Si “Leurs enfants après eux” s’inscrit dans une tradition réaliste, il se distingue par sa capacité à transcender le simple témoignage social pour atteindre une dimension universelle. À l’instar d’œuvres comme “Fief” de David Lopez, également publié en 2018, le roman de Mathieu capture l’essence d’une génération prise entre deux mondes, deux époques, deux possibilités d’existence.
Le titre du roman, emprunté à une formule biblique tirée du livre de la Sagesse de Siracide, porte en lui toute la problématique de l’œuvre : “Ce sont leurs enfants après eux qui témoigneront de leur honte.” Cette référence illustre parfaitement le thème central du récit : l’héritage transmis d’une génération à l’autre et la difficile émancipation des déterminismes sociaux et familiaux.
L’œuvre s’inscrit également dans un contexte littéraire particulier. Les années 2010 ont vu émerger une nouvelle génération d’auteurs français soucieux de représenter les fractures sociales contemporaines. On peut citer, aux côtés de Mathieu et Lopez, des écrivains comme Édouard Louis, auteur de “En finir avec Eddy Bellegueule” (publié chez Seuil), ou encore Tanguy Viel avec “Article 353 du code pénal” (chez Éditions de l’Iconoclaste). Ces romanciers partagent une même volonté de donner à voir les conséquences humaines des mutations économiques et sociales de la France contemporaine.

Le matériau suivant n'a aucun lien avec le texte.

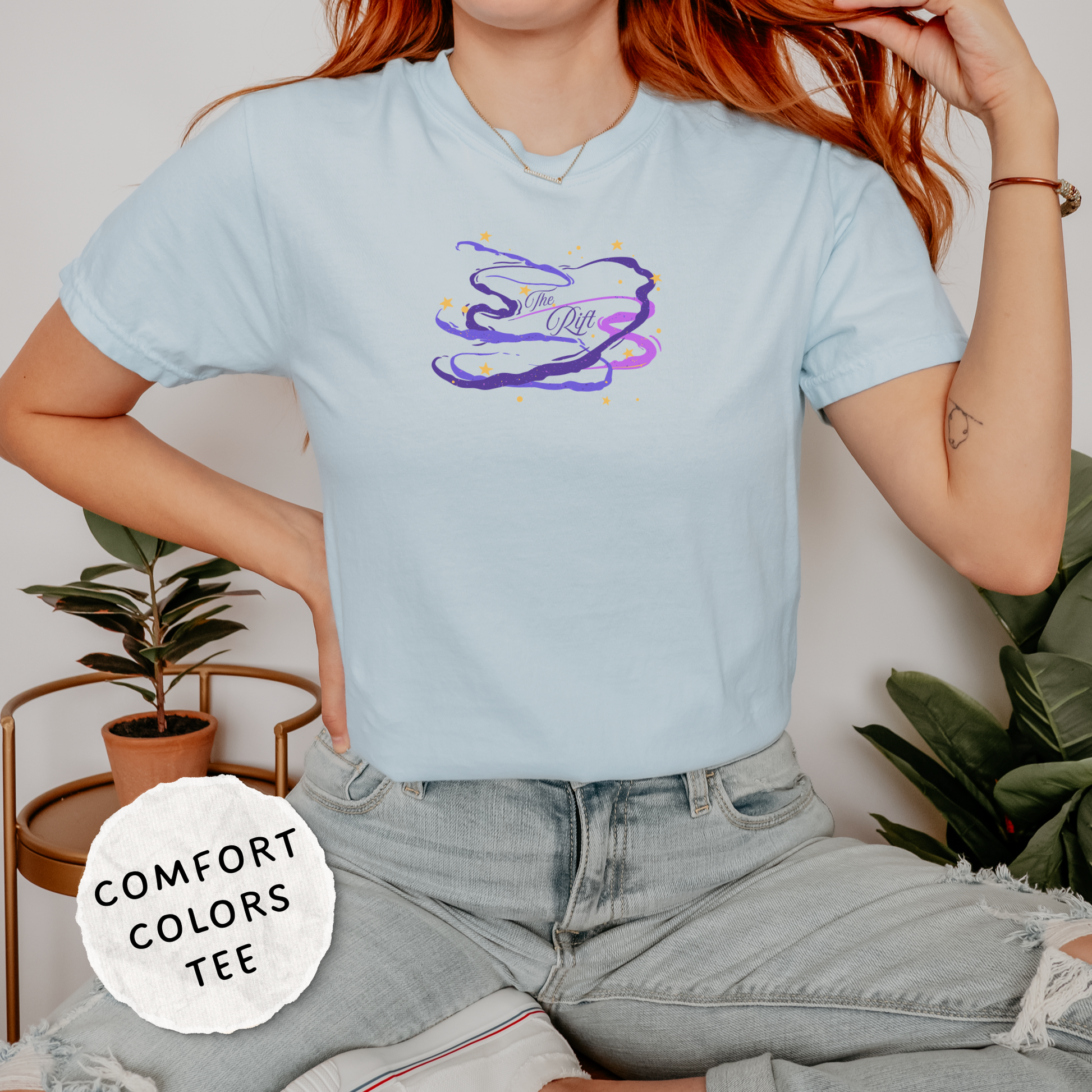 A woman wearing a light blue Comfort Colors graphic t-shirt with a purple and yellow abstract design on the chest, paired with light-wash jeans in a styled indoor setting.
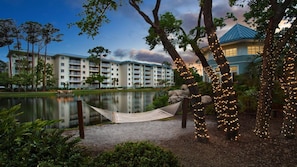 A hotel with multiple balconies, a lake, and string lights on trees.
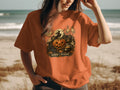 Orange t-shirt with Halloween graphic and "SPOOKY SEASON" text.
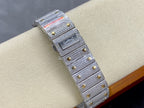 Cartier watch with gray jeweled strap, gold-toned rectangular case, side angle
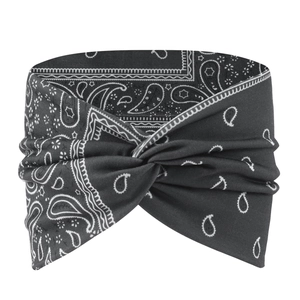 Detail shot of black bohemian headwrap featuring a classic white paisley print and twist knot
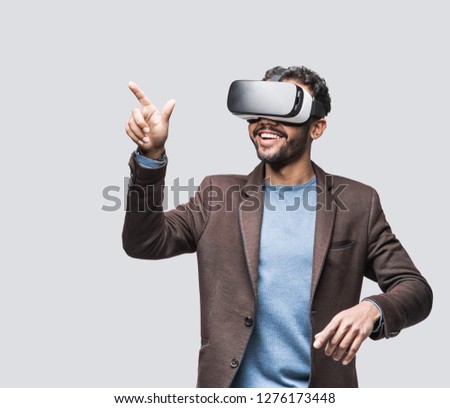 Young man using virtual reality headset. VR, future, gadgets, technology concept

L’impact de “Leurs enfants après eux” dépasse largement le cadre littéraire. En donnant vie et dignité à ces jeunes de la France périphérique, Nicolas Mathieu a contribué à un débat sociétal plus large sur les inégalités territoriales et les difficultés d’ascension sociale dans la France contemporaine. Son roman a résonné particulièrement fort dans un contexte marqué par des mouvements sociaux comme celui des Gilets jaunes, qui ont mis en lumière le sentiment d’abandon ressenti par une partie de la population française.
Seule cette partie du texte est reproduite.